The real reason why Bill Gates is now the US’ biggest farmland owner

The New York Post:

“Bill Gates has started laying out his plans for creating a ‘smart city’ in Phoenix, Arizona,” science-news outlet Futurism wrote. This high-tech metropolis “could be both a breeding and testing ground for futuristic technologies.” 

Late last year, Eric O’Keefe was researching a mysterious recent purchase of 14,500 acres of prime Washington state farmland. His magazine, The Land Report, tracks major land transactions and produces an annual list of the 100 biggest US landowners.

Sales of more than a thousand acres are “blue-moon events,” O’Keefe noted, so this one stood out. And Eastern Washington has some of the richest, most expensive farmland in the country. But the purchaser of record was a small, obscure company in Louisiana. 

“That immediately set off alarm bells,” O’Keefe says. 
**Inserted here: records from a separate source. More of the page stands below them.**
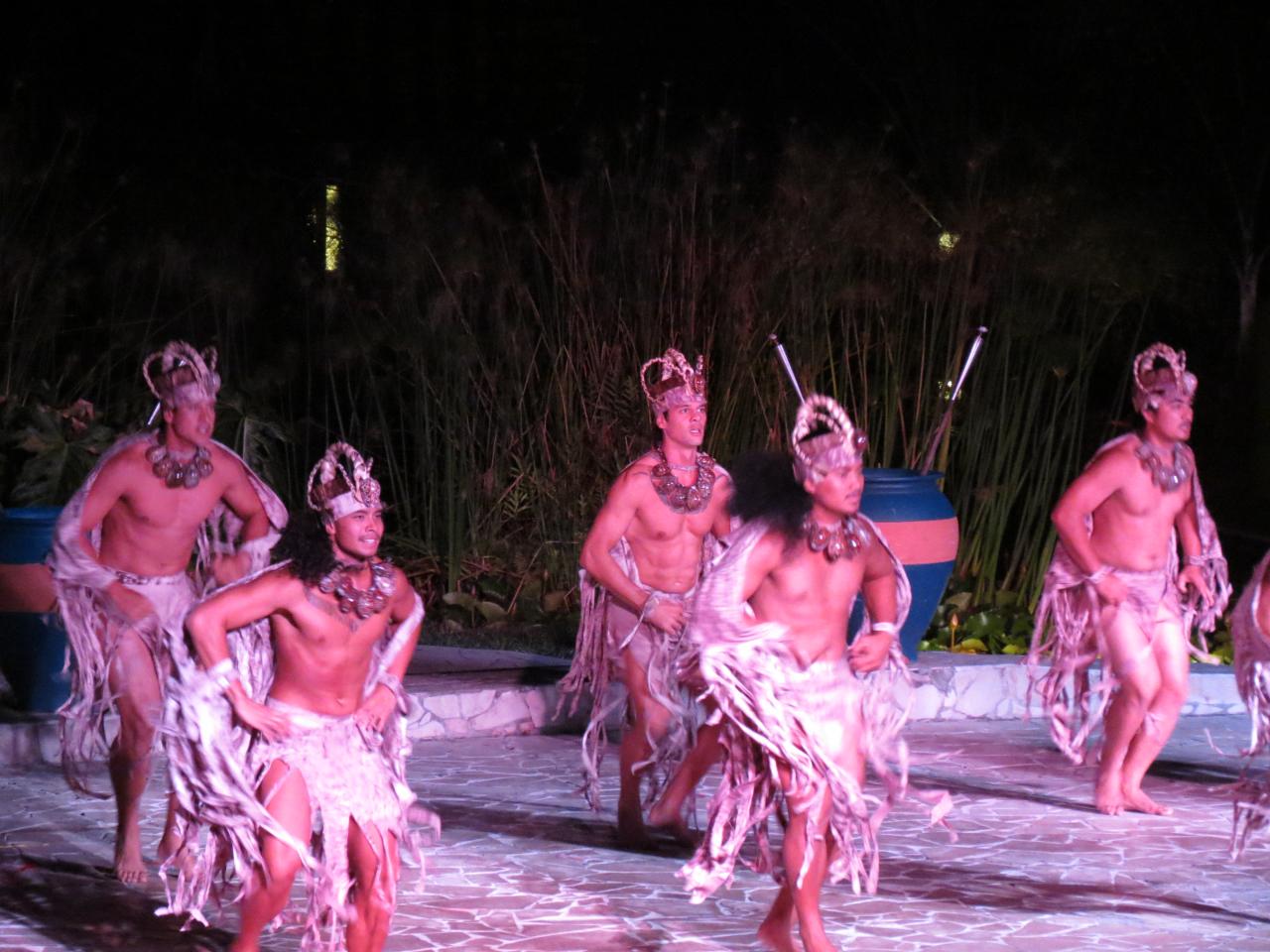Tahiti Danse polynesienne 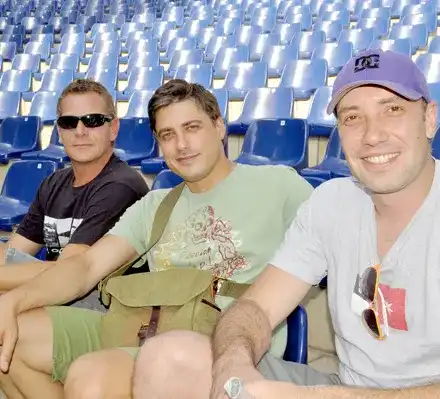 Владо Карамазов се изпокара с Юлиан Вергов и Захари Бахаров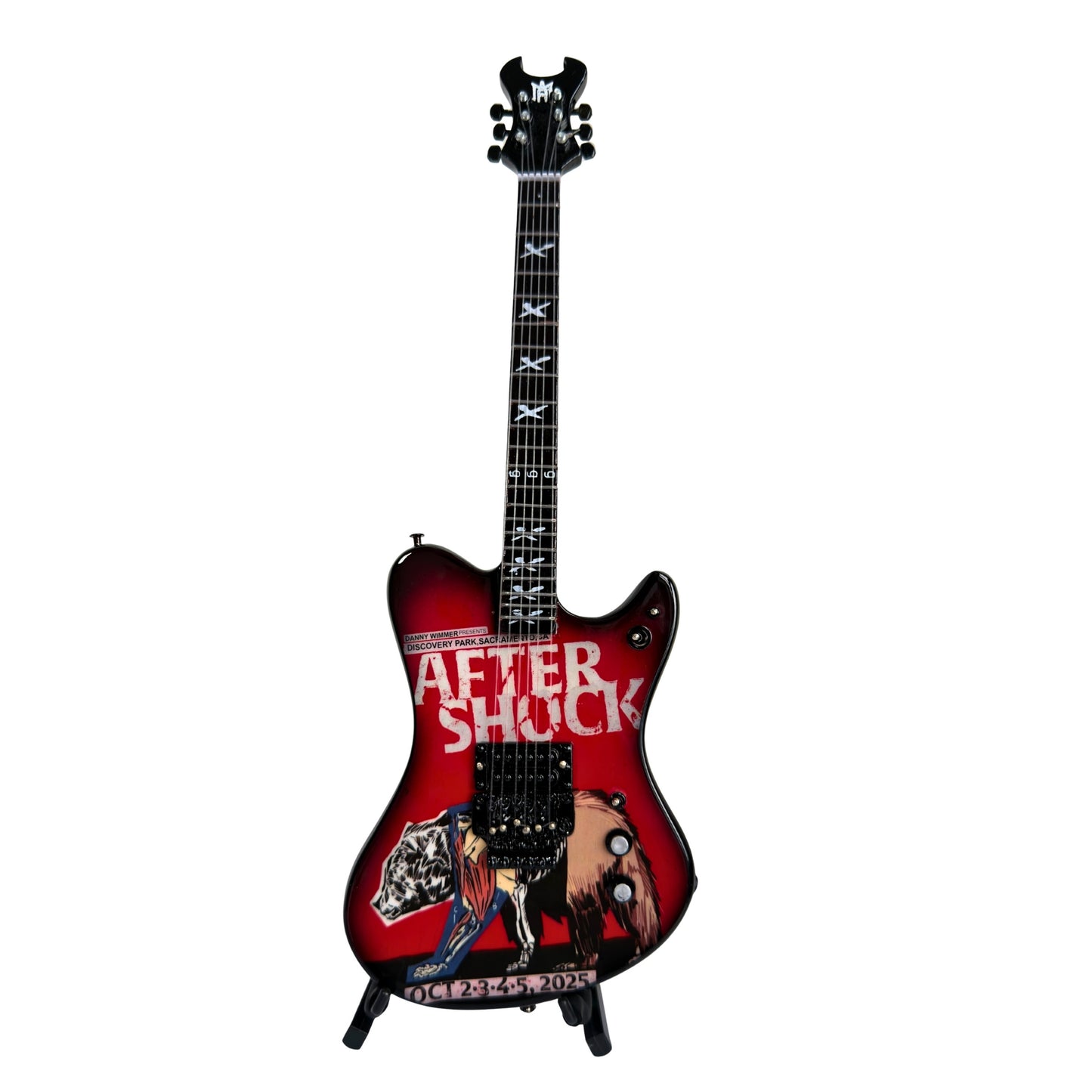 Aftershock 2025 Mini Guitar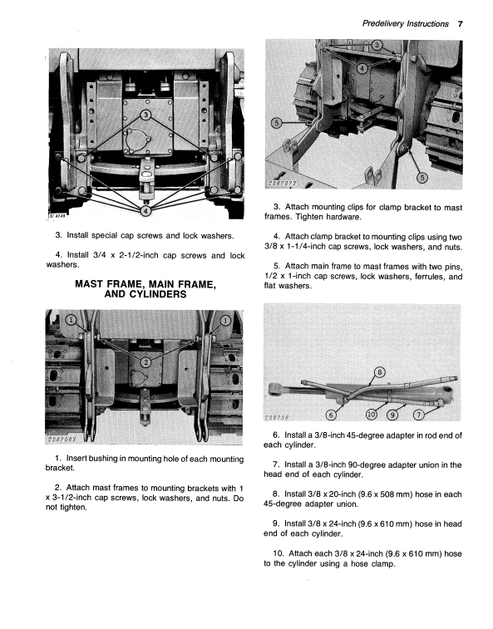 John Deere Hydraulic Ripper 3100 3110 Manual OMT64181 PDF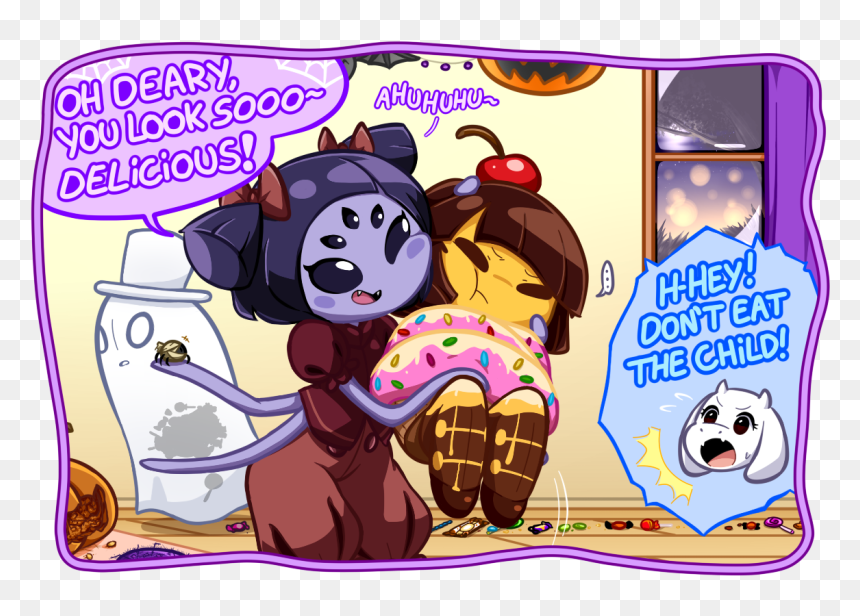 Comment Picture, HD Png Download - muffet png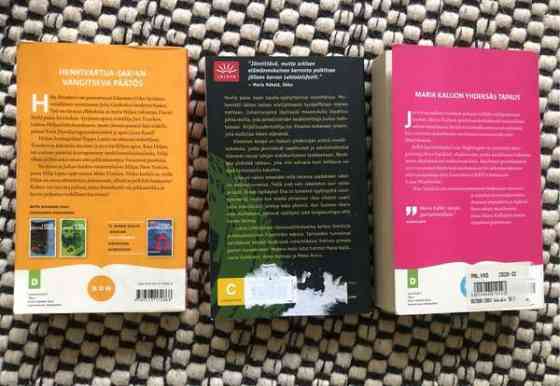 Leena Lehtolainen pokkarit 3 kpl Jyväskylä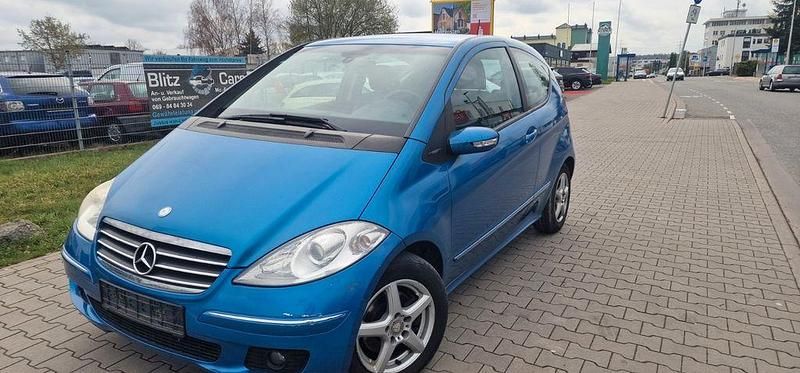 Gebraucht Mercedes A160 82 PS (60 kW) 2008 Blau Limousine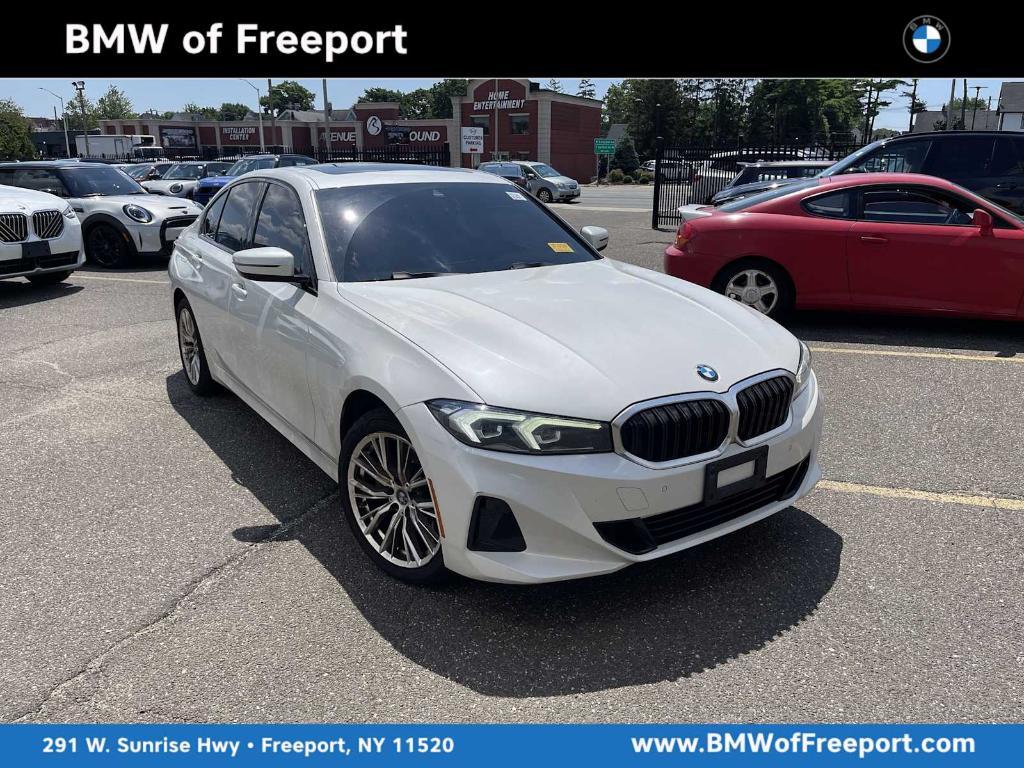 used 2023 BMW 330 car, priced at $34,943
He assigned his research team to dig a little deeper. Soon they came back with the answer: The Louisiana company was acting on behalf of Cascade Investment LLC, the secretive investment firm that manages most of the huge fortune belonging to Bill Gates.

O’Keefe knew Gates had been acquiring farmland for years, mostly through various Cascade subsidiaries. The mogul’s holdings include large tracts in Illinois, Iowa, Louisiana, California, and about a dozen other states. With the Washington state acreage and other recent additions to his portfolio, O’Keefe calculated, Gates now owns at least 242,000 acres of American farmland.

“Bill Gates, co-founder of Microsoft, has an alter ego,” O’Keefe wrote: “Farmer Bill, the guy who owns more farmland than anyone else in America.” 

The Land Report scoop made headlines. Many stories focused on Gates’ longstanding interest in climate change and sustainability and suggested those concerns might be driving the land purchases. Newsweek called him a “sustainable agriculture champion.” 

Those stories dovetailed with earlier reports about Gates’ large land acquisitions in Arizona. Most notably, in 2017, the Gates-affiliated Mt. Lemmon Holdings invested in some 40 square miles of “transitional” land on the western fringe of the Phoenix sprawl. (According to The Land Report, Gates owns about 27,000 acres of non-agricultural land, in addition to his farm holdings.) 

Some partners in the Arizona project issued a press release touting plans to build “a forward-thinking community … that embraces cutting-edge technology.” There was talk of “high-speed digital networks” and “autonomous logistics hubs.” That was all it took for many in the media to conclude that Gates was personally engineering the city of the future. 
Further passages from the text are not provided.